── Extracted information ──
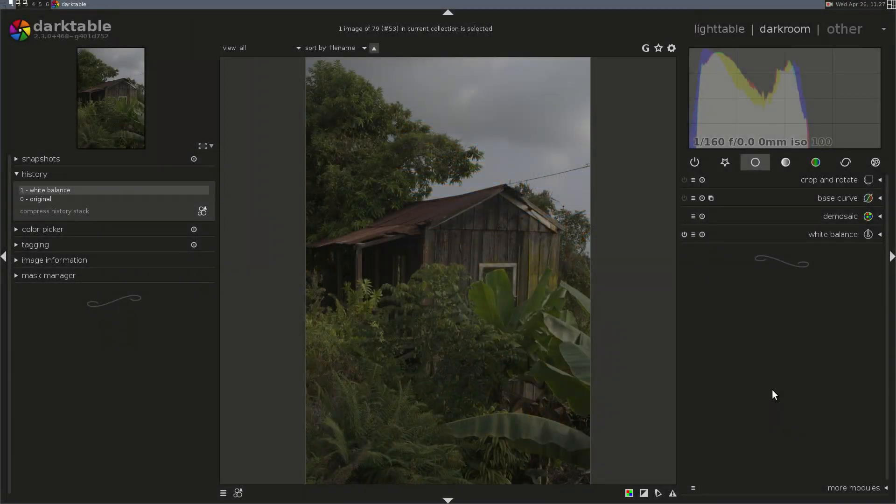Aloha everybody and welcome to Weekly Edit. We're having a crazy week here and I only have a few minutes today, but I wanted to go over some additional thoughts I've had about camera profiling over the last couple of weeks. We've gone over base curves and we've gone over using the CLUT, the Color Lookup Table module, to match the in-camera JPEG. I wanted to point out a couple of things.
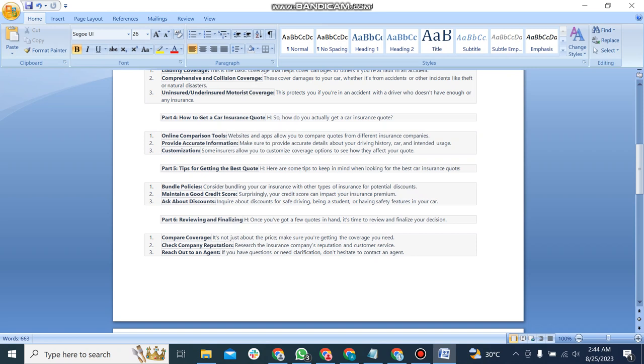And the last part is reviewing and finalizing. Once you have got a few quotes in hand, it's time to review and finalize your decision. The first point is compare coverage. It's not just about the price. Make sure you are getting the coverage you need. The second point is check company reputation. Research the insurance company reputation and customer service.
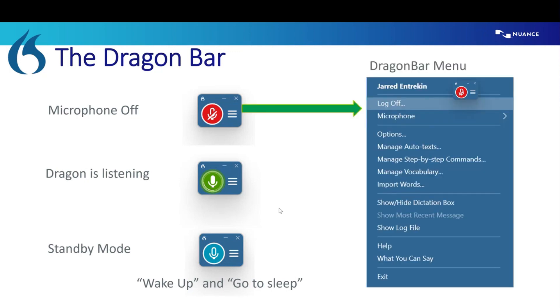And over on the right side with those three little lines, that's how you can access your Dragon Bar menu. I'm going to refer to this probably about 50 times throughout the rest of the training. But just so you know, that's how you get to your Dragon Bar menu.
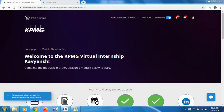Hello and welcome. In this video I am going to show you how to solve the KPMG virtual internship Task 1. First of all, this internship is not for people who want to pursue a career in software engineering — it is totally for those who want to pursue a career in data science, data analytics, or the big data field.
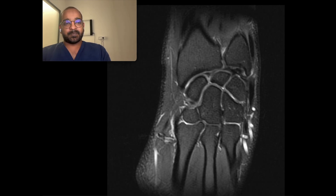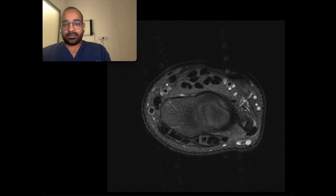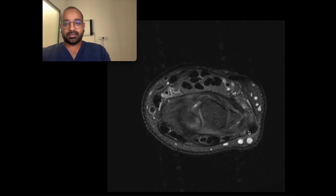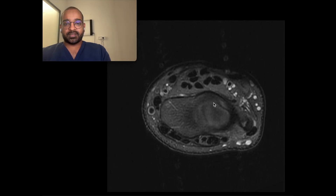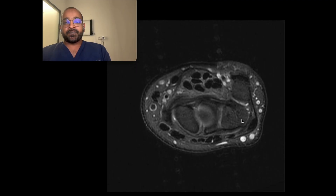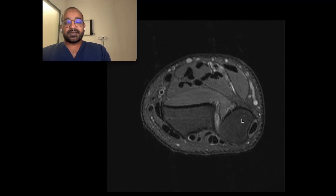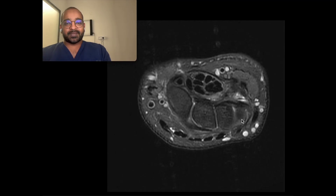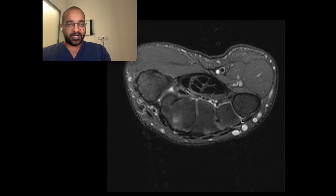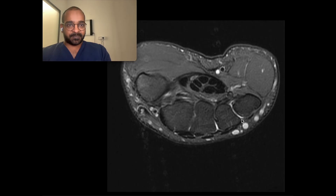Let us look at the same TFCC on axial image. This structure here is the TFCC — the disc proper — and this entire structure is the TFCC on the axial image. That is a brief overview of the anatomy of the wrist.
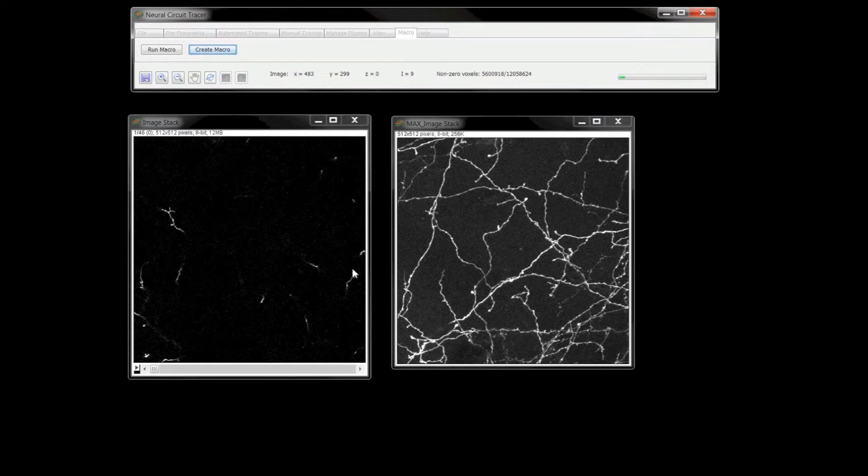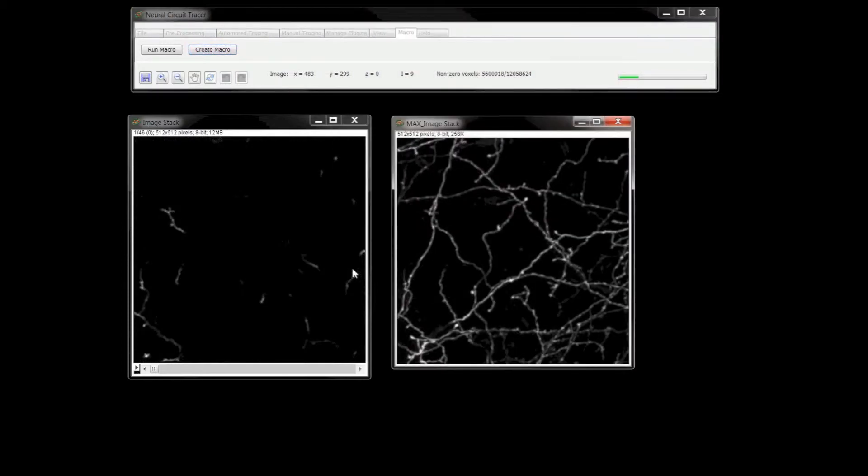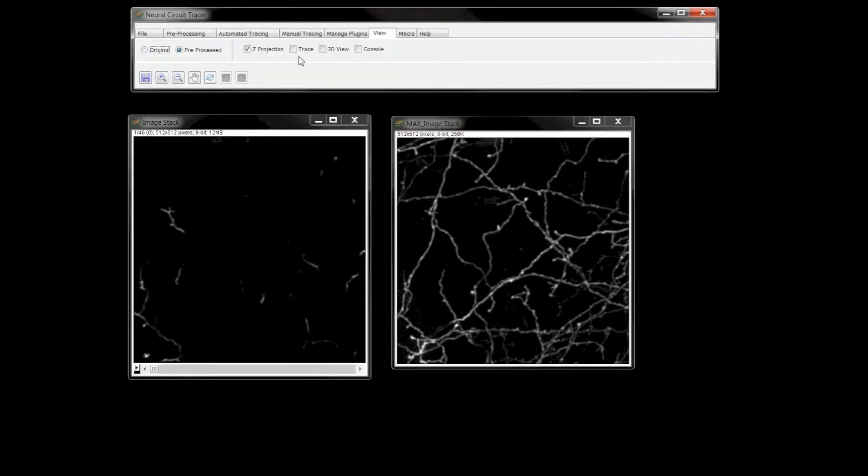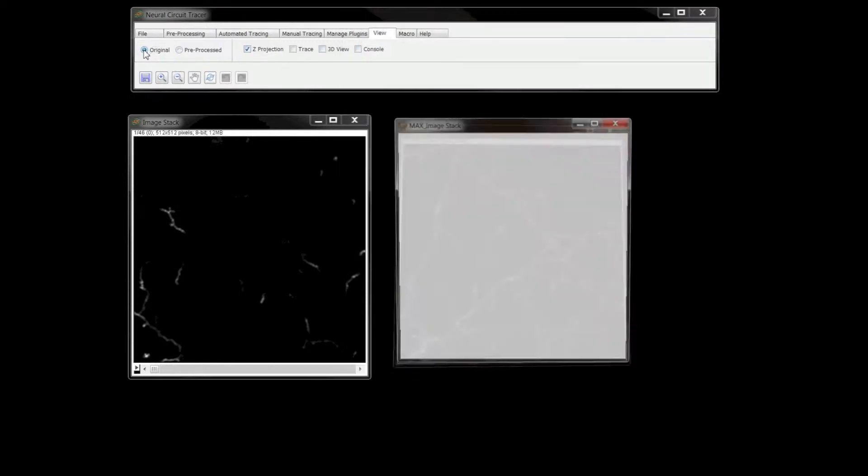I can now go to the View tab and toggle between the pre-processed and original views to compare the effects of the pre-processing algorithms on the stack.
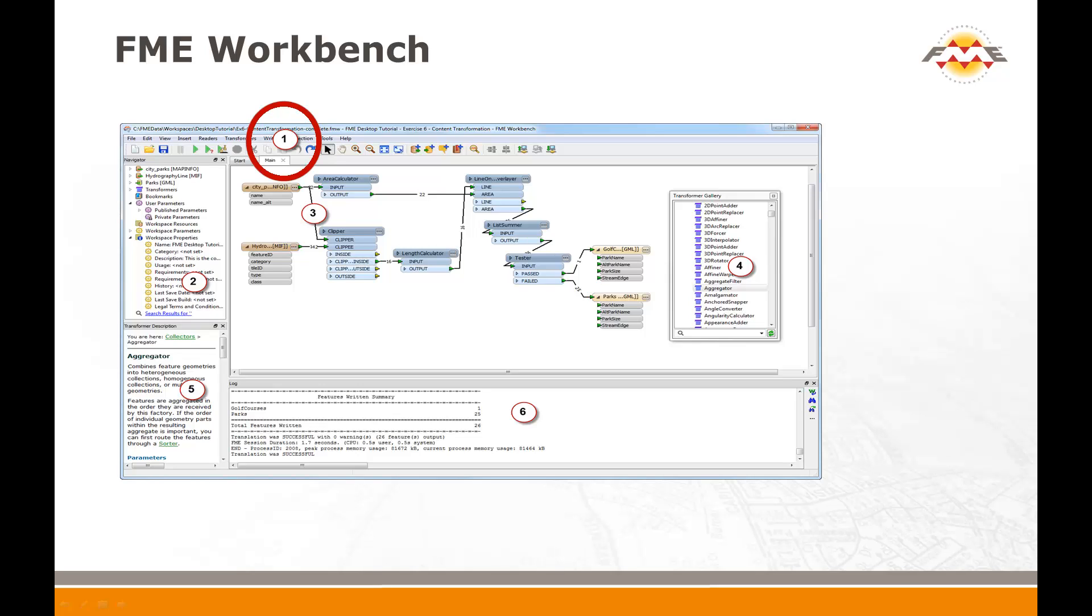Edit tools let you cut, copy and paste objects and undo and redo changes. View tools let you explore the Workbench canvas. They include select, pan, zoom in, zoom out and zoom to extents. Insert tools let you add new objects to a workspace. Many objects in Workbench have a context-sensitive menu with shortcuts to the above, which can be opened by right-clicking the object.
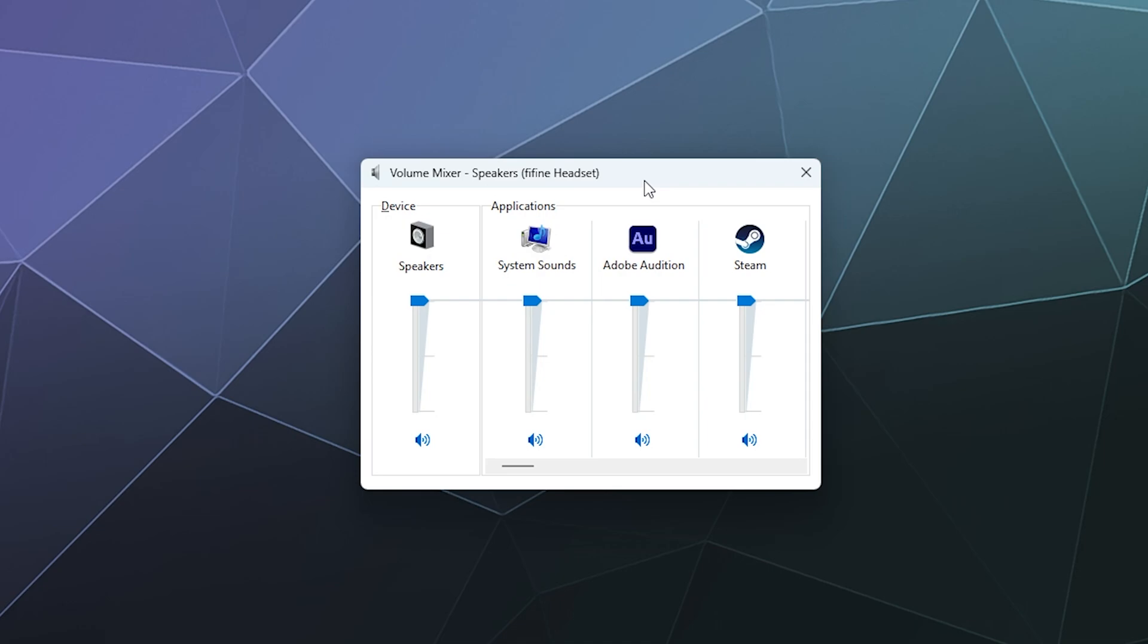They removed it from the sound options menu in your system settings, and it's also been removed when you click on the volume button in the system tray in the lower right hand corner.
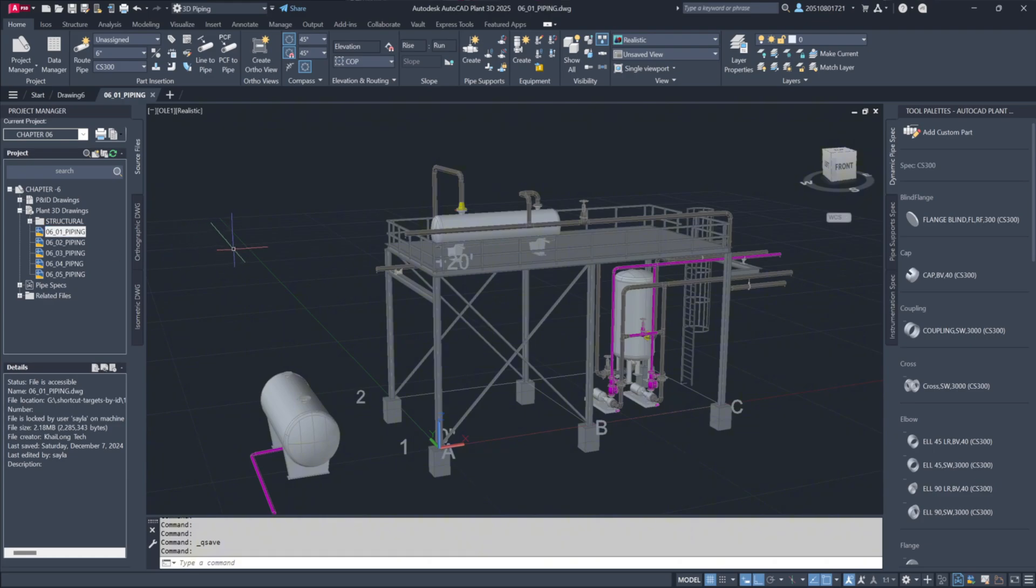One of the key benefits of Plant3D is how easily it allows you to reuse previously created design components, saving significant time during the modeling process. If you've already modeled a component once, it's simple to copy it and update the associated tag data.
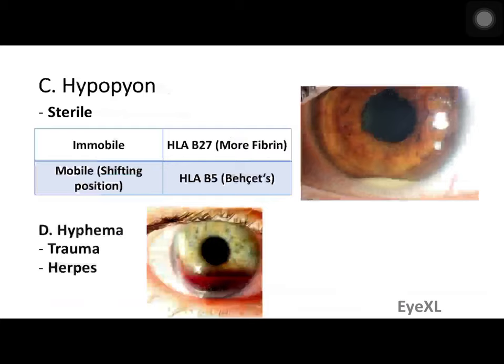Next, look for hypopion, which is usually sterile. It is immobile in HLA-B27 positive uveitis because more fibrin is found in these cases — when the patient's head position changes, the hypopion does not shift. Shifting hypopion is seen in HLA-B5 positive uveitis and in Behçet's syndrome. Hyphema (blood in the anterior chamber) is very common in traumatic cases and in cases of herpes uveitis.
───
## Exercise instructions
Without any pictures, output the entries above exactly as they appear.

## Expected answer
Aloha everybody and welcome to Weekly Edit. We're having a crazy week here and I only have a few minutes today, but I wanted to go over some additional thoughts I've had about camera profiling over the last couple of weeks. We've gone over base curves and we've gone over using the CLUT, the Color Lookup Table module, to match the in-camera JPEG. I wanted to point out a couple of things.
And the last part is reviewing and finalizing. Once you have got a few quotes in hand, it's time to review and finalize your decision. The first point is compare coverage. It's not just about the price. Make sure you are getting the coverage you need. The second point is check company reputation. Research the insurance company reputation and customer service.
And over on the right side with those three little lines, that's how you can access your Dragon Bar menu. I'm going to refer to this probably about 50 times throughout the rest of the training. But just so you know, that's how you get to your Dragon Bar menu.
Hello and welcome. In this video I am going to show you how to solve the KPMG virtual internship Task 1. First of all, this internship is not for people who want to pursue a career in software engineering — it is totally for those who want to pursue a career in data science, data analytics, or the big data field.
Let us look at the same TFCC on axial image. This structure here is the TFCC — the disc proper — and this entire structure is the TFCC on the axial image. That is a brief overview of the anatomy of the wrist.
I can now go to the View tab and toggle between the pre-processed and original views to compare the effects of the pre-processing algorithms on the stack.
Edit tools let you cut, copy and paste objects and undo and redo changes. View tools let you explore the Workbench canvas. They include select, pan, zoom in, zoom out and zoom to extents. Insert tools let you add new objects to a workspace. Many objects in Workbench have a context-sensitive menu with shortcuts to the above, which can be opened by right-clicking the object.
They removed it from the sound options menu in your system settings, and it's also been removed when you click on the volume button in the system tray in the lower right hand corner.
One of the key benefits of Plant3D is how easily it allows you to reuse previously created design components, saving significant time during the modeling process. If you've already modeled a component once, it's simple to copy it and update the associated tag data.
Next, look for hypopion, which is usually sterile. It is immobile in HLA-B27 positive uveitis because more fibrin is found in these cases — when the patient's head position changes, the hypopion does not shift. Shifting hypopion is seen in HLA-B5 positive uveitis and in Behçet's syndrome. Hyphema (blood in the anterior chamber) is very common in traumatic cases and in cases of herpes uveitis.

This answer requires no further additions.